Meurtre sauvage à Bastia, la Corse sous le choc

La Corse est sous le choc après le meurtre sauvage à Bastia de Tony Thyber (LE DERNIER CLAN - Magà Ettori)
La Corse est sous le choc après le meurtre sauvage à Bastia de Tony Thyber (photo : LE DERNIER CLAN)

Tony Thyber a été assassiné ce matin à Bastia. Elu et chef d’entreprise respecté, Tony Thyber était connu pour sa gentillesse et son dévouement à la cause féministe. Ce meurtre est le 666ème en Corse en 4 ans. L’image de la Corse au cinéma va encore souffrir de cette terrible affaire. L’image de la Corse, c’est vraiment toute une histoire. Chaque fois qu’un politique évoque la Corse et le cinéma il est question de son image et des retours financiers de l’accueil des tournages.
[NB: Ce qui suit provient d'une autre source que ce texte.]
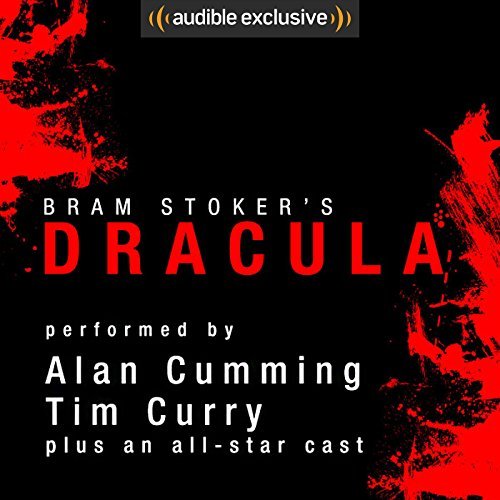 Dracula [Audible Edition] (Alan Cumming, Tim Curry) - $0.99 @ Audible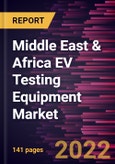 Middle East & Africa EV Testing Equipment Market Forecast to 2028 - COVID-19 Impact and Regional Analysis By Vehicle Type, Equipment Type, Application, and End Users- Product Image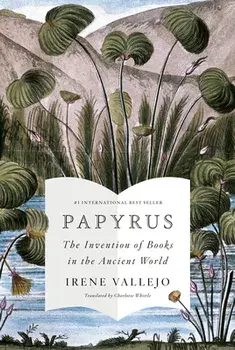 Papyrus: The Invention of Books in the Ancient World, Hardcover/Irene Vallejo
Le 24 mai 2001, le discours de Frédéric Mitterrand devant les élus de la Collectivité Territoriale de Corse, n’a pas fait exception à la règle :

 »Pour conclure, je tiens particulièrement à remercier la Collectivité territoriale de Corse et son président Paul Giaccobi pour la qualité de la collaboration engagée avec le Centre national du Cinéma et de l’image animée (CNC), avec le groupe France Télévisions, avec la Direction régionale des affaires culturelles (DRAC). Et je tiens à saluer l’action de son directeur Laurent Ghilini et l’attention constante qu’il a manifesté pour le développement du cinéma et de l’audiovisuel dans l’île. Le niveau d’engagement de la Collectivité territoriale de Corse (CTC) nous oblige : il nous oblige à l’action, il nous oblige aussi au dialogue constant avec les collectivités territoriales, avec les acteurs culturels, avec les professionnels de l’image, cet impératif du siècle à l’heure des simulacres, des avatars et du « bombardement visuel » sans ordre ni hiérarchie. Le fait que la première signature d’une convention du CNC ait lieu ici, en Corse, est un signal fort. Le fait qu’une Convention donnant à une chaîne régionale les moyens d’une ambition européenne soit signée aujourd’hui. Tout cela traduit attention qui est la mienne à l’égard des richesses et les ressources des territoires. J’en prends la mesure à chacun de mes déplacements, dans ce « tour de France » que j’ai engagé depuis mon arrivée rue de Valois. Les territoires sont riches d’expériences, de savoir-faire, mais aussi d’expertises nouvelles : c’est dans cette ambition en faveur d’un dialogue approfondi et renouvelé entre l’Etat et les territoires – dans l’esprit du rapport qui m’a été transmis par Jérôme Bouët – que je souhaite inscrire mon action. Je suis certain que ces deux Conventions sauront traduire cette ambition pour que la Corse soit encore davantage une terre d’images et de cinéma, une terre où la culture de l’image soit à l’image de la culture : une culture forte de sa singularité, une culture vivante, une culture généreuse. Je vous remercie. »

Bien entendu, comme nous ne travaillons ni à la rue de Valois, ni à l’Agence du Tourisme, ni pour la mafia, nous nous  contenterons, avec notre groupe de simples saltimbanques, de faire du cinéma non subventionné et indépendant et à faire des images d’une violence inouïe juste pour des raisons artistiques. Nous présentons tout de même nos sincères condoléances à la famille Thyber, aux proches, amis et alliés. Risposa In Pace.